- **WORK TO COMPLETE**:
Copy each record exactly and skip its pictures.

- **DATA PROVIDED**:
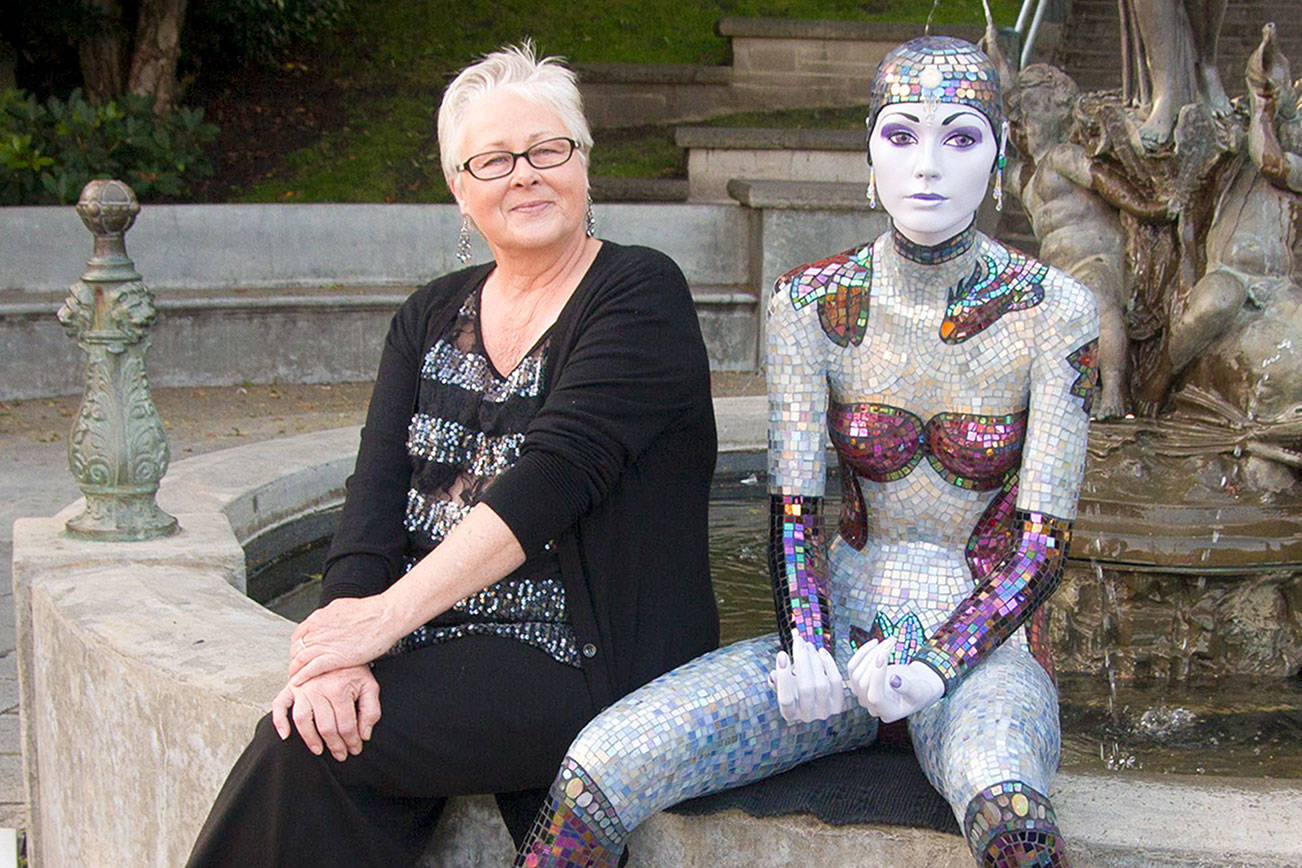 Mosaic mannequin, art school faculty highlighted on Port Townsend Gallery Walk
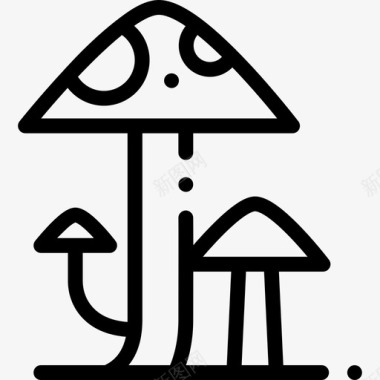 蘑菇秋性22直生图标图标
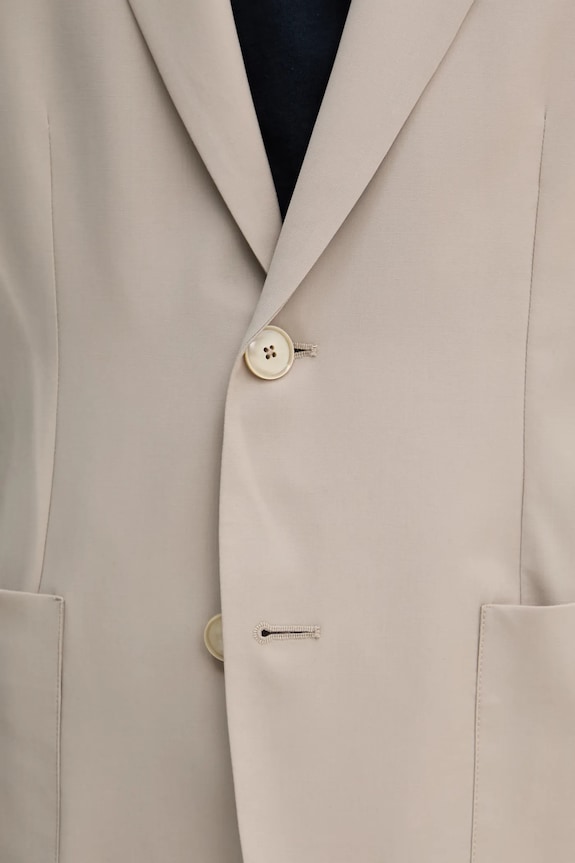 Vlnené sako BARENA VENEZIA Camicia Mola GIU5057.478 béžová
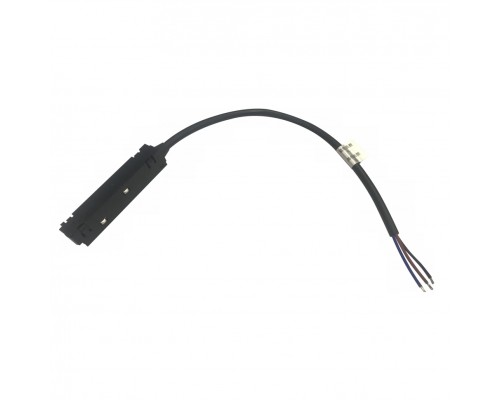 Ввод питания для магнитного шинопровода iLEDEX TECHNICAL VISION POWER INN 4822-L390-BK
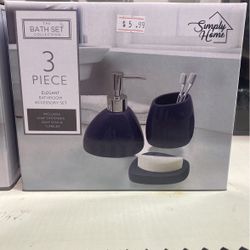 Bathroom Set 3pcs/Soap Dispenser/SoapDish/Tumbler
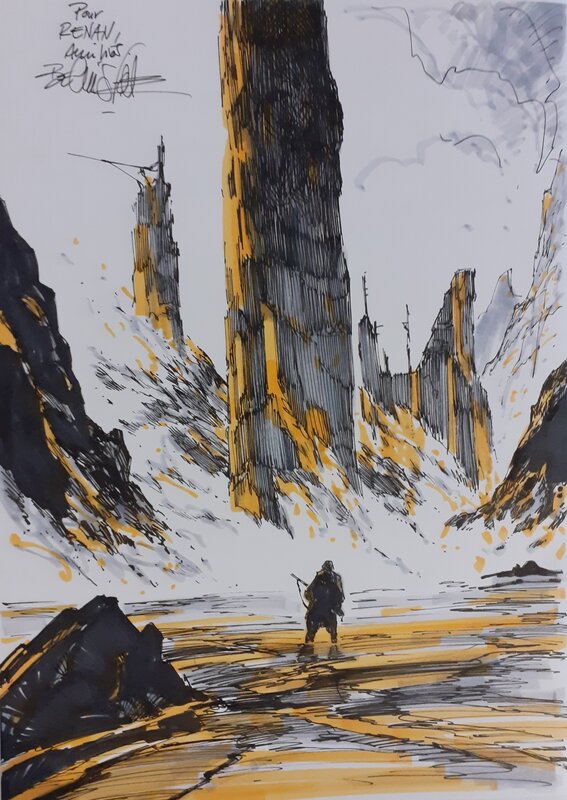 Inexistences by Christophe Bec - Sketch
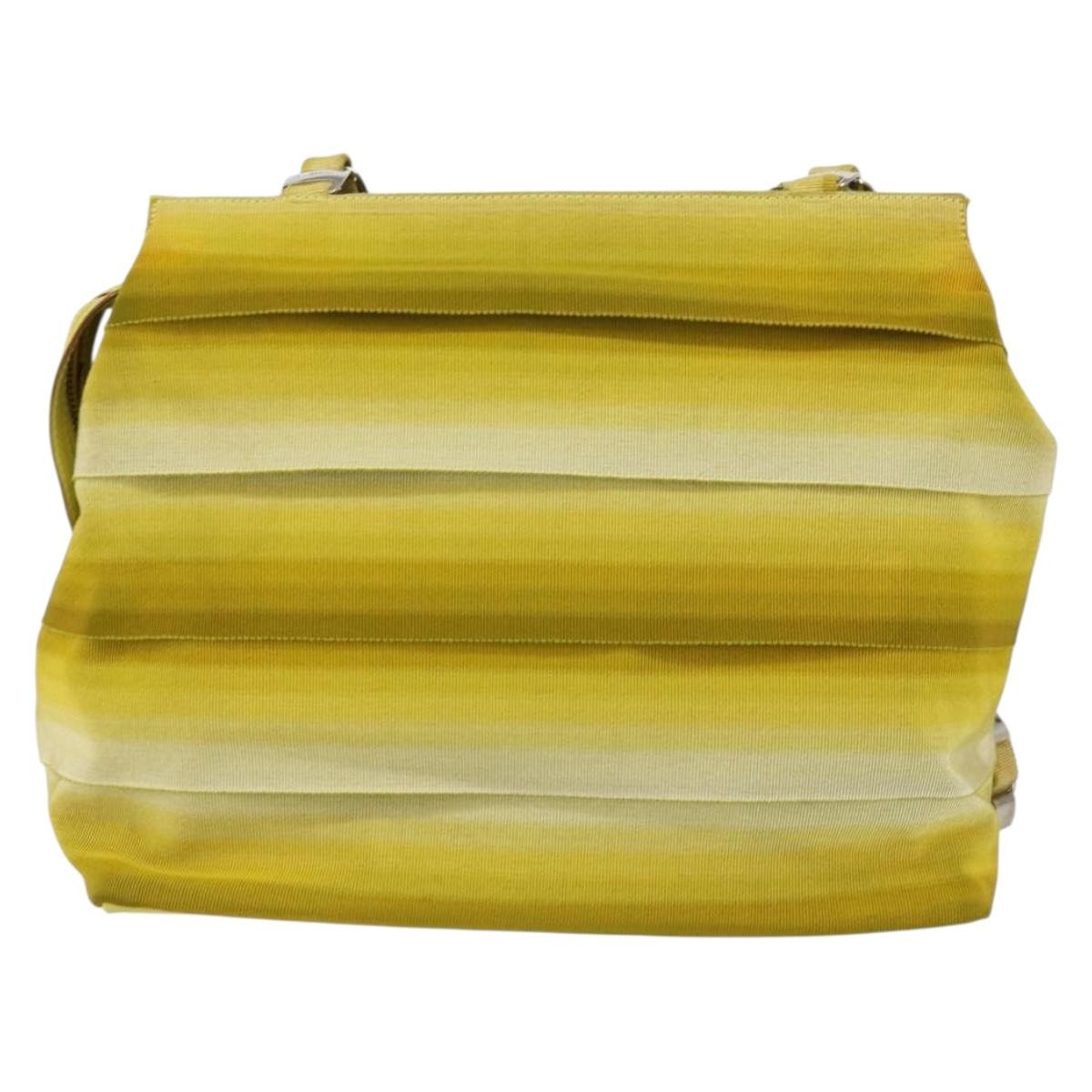 Salvatore Ferragamo Vala tote Canvas, YELLOW, CANVAS, Tote bag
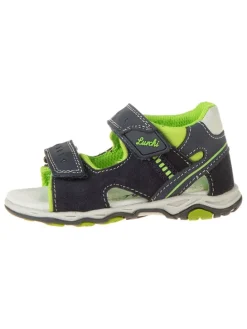 Sandalen in Dunkelblau/ Grün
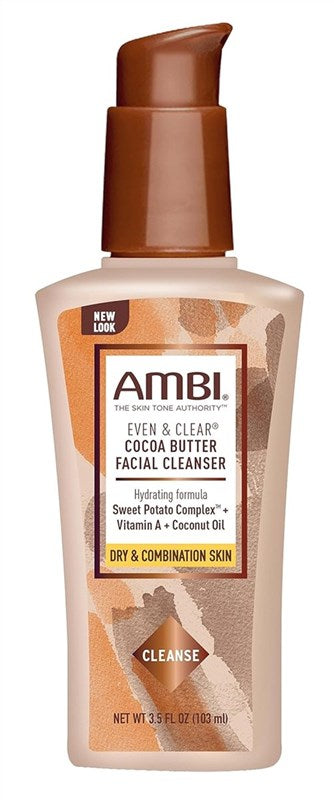 Ambi Even & Clear Facial Cleanser Cocoa Butter 3.5oz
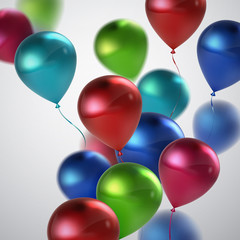 Vector realistic glossy balloons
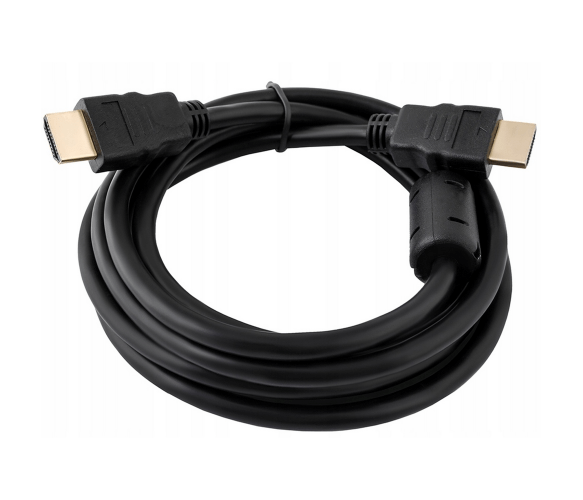 Кабель Merlion HDMI-HDMI HIGH SPEED 2.0m; v1.4; OD-7.5mm; круглый Black; коннектор Black; (пакет); Q150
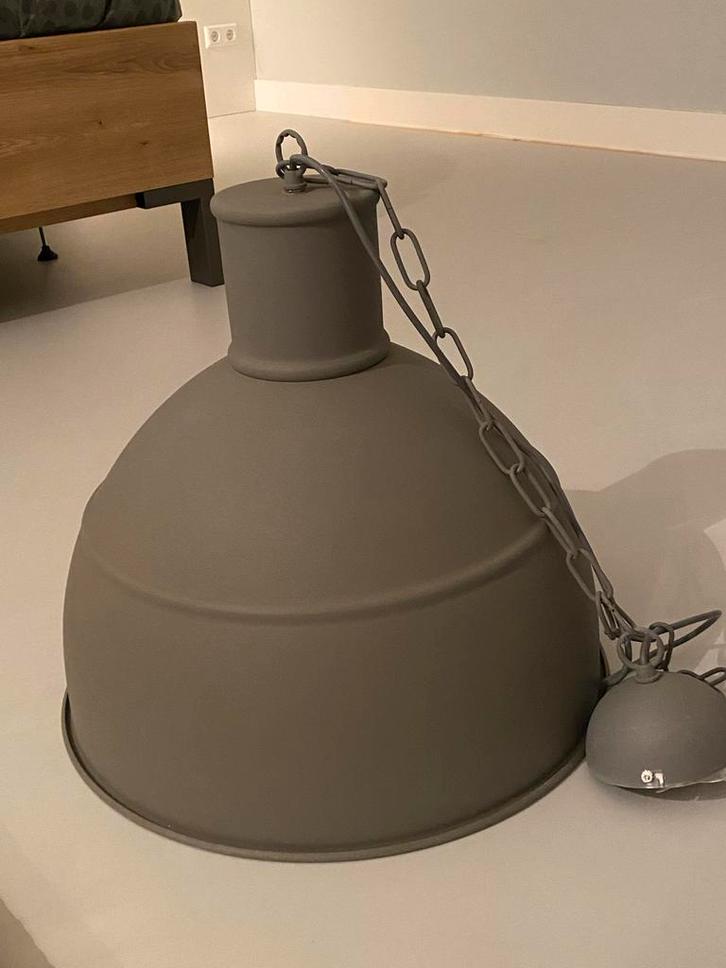 Industriële hanglamp Tygo van Karwei, Huis en Inrichting, Lampen | Hanglampen, Gebruikt, Minder dan 50 cm, Metaal, Ophalen of Verzenden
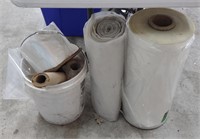 Rolls of Poly Wrap Material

- **WRITTEN RESPONSE**:
 Mosaic mannequin, art school faculty highlighted on Port Townsend Gallery Walk
 蘑菇秋性22直生图标图标
 Vlnené sako BARENA VENEZIA Camicia Mola GIU5057.478 béžová
 Ввод питания для магнитного шинопровода iLEDEX TECHNICAL VISION POWER INN 4822-L390-BK
 Bathroom Set 3pcs/Soap Dispenser/SoapDish/Tumbler
 Inexistences by Christophe Bec - Sketch
 Salvatore Ferragamo Vala tote Canvas, YELLOW, CANVAS, Tote bag
 Sandalen in Dunkelblau/ Grün
 Ambi Even & Clear Facial Cleanser Cocoa Butter 3.5oz
 Vector realistic glossy balloons
 Кабель Merlion HDMI-HDMI HIGH SPEED 2.0m; v1.4; OD-7.5mm; круглый Black; коннектор Black; (пакет); Q150
 Industriële hanglamp Tygo van Karwei, Huis en Inrichting, Lampen | Hanglampen, Gebruikt, Minder dan 50 cm, Metaal, Ophalen of Verzenden
 Rolls of Poly Wrap Material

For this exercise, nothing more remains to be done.